And Here Come my Ancestors! Indian Hunters of Pennsyltucky! Seriously though, the Quakers weren't as pure as driven snow. The reason the Quakers were ousted out of power in Pennsylvania was because of those Indians. When the tribes were killing Germans on the frontier, the government wouldnt sent out any help to the settlers. The Quaker towns were all in the east around Philly so they didn't do anything while the Germans were being burnt out of their homes. Eventually us Scotsmen had to be called in to clear out the Indians and we did. It severely damaged the relationship between the Germans and the Quakers and is the real reason for the capital of Pennsylvania being in Harrisburg, the Germans wanted the state focus away from the Quakers.
Well the Quakers weren't as pure as driven snow, but your example thereof is pretty terrible. The Penn family encroachments on Indian lands up the Delaware would have been a much better example, or the interlude in which they were involved in the slave trade. Your actual argument amounts to "Group A was nonviolent, Group B was violent, so thank heaven Group C was there to kill them."
If we assume you are 100% correct on the facts, all that does is indicate the impracticality of nonviolence. One group gives up violence, and neighboring groups incompletely follow suit. Okay. It is hardly news. That's the default opinion of most people in the world. It certainly isn't an indication of "impurity."
However, where are these "facts" coming from?

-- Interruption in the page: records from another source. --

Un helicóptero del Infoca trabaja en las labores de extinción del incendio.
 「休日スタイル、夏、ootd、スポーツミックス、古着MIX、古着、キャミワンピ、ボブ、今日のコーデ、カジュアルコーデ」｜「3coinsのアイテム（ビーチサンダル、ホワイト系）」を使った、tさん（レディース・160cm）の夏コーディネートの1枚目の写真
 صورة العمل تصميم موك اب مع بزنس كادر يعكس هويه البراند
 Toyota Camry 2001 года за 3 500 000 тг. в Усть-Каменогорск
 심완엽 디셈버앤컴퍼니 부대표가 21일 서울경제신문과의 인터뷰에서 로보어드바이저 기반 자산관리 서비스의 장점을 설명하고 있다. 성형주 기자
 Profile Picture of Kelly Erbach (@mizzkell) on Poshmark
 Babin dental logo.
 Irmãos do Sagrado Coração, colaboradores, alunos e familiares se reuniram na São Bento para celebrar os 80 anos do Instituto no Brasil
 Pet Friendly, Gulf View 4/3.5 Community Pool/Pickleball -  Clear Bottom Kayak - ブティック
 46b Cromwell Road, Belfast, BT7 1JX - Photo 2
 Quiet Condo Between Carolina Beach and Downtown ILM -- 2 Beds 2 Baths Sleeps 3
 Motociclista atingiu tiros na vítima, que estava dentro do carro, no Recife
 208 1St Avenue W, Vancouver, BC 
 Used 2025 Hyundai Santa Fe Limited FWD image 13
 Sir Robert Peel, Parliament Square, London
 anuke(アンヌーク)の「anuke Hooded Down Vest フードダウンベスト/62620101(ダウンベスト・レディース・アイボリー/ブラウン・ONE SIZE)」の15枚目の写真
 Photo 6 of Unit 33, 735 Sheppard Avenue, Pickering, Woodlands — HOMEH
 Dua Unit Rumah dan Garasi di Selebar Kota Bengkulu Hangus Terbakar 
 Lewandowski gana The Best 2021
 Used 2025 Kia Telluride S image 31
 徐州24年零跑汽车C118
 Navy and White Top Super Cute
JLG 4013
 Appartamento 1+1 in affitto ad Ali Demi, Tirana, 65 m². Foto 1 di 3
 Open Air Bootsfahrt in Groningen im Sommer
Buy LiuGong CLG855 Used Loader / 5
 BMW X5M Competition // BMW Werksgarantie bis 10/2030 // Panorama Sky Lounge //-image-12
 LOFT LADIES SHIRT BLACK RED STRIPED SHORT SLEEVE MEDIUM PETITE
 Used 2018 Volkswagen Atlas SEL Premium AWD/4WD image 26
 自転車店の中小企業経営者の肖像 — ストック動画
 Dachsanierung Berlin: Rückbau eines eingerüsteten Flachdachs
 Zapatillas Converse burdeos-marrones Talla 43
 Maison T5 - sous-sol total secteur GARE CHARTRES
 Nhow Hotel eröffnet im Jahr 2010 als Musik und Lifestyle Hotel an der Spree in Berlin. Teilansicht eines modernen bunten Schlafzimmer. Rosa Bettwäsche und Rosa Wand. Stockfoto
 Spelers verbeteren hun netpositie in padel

You make it sound like the Scots-Irish were waiting off in the wings, then came in to save the day once the Quakers - slouching in their ivory tower while helpless Germans were slaughtered - had clearly failed.
In point of fact the Scots-Irish were already living further out on the frontier than the Germans, in part because they already wanted no part of the Quakers enlightened policies. In fact, they were initiating some of the conflicts with the tribes that were then spilling further into the province to burn those German homes. And much of the violence they were not responsible for might have been avoidable if they had been toeing the line - certainly Indian attacks were not a problem from the more easterly tribes that were treated according to Pennsylvania's admittedly weird Indian policy.
I'm curious. Would you consider the "clearing out" of Lancaster in 1763 as being part of the necessary good work the Scotsmen did to protect Pennsylvania's Germans? Is the march on Philadelphia to demand that the government offer bounties on Indian scalps something you would justify? And if it was about the Germans rejecting the Quakers, how would you explain the fact that those marchers were Scottish with a leavening of Englishmen? Why did much of the province's Germans abandon all participation in government once the Quakers lost power, and why do their ancestors still largely abstain from politics?
And every province suffered Indian attacks, but because they also happened in Pennsylvania this was a sign the Quakers were at fault? Why did Pennsylvania on several occasions go free of Indian attacks (or nearly so) while the same tribes were raiding adjacent provinces during the early Anglo-French wars?
I've got nothing against you or anyone valuing Scotch-Irish heritage. But when it comes to "It was a good thing we were their to get rid of the native peoples," I can't help but disagree. And when you ignore the role the Quakers had in minimizing frontier violence (ultimately a failure, I admit) as well as the role that the frontier folk had in exacerbating it....
Well, it's not a very honest standard of debate.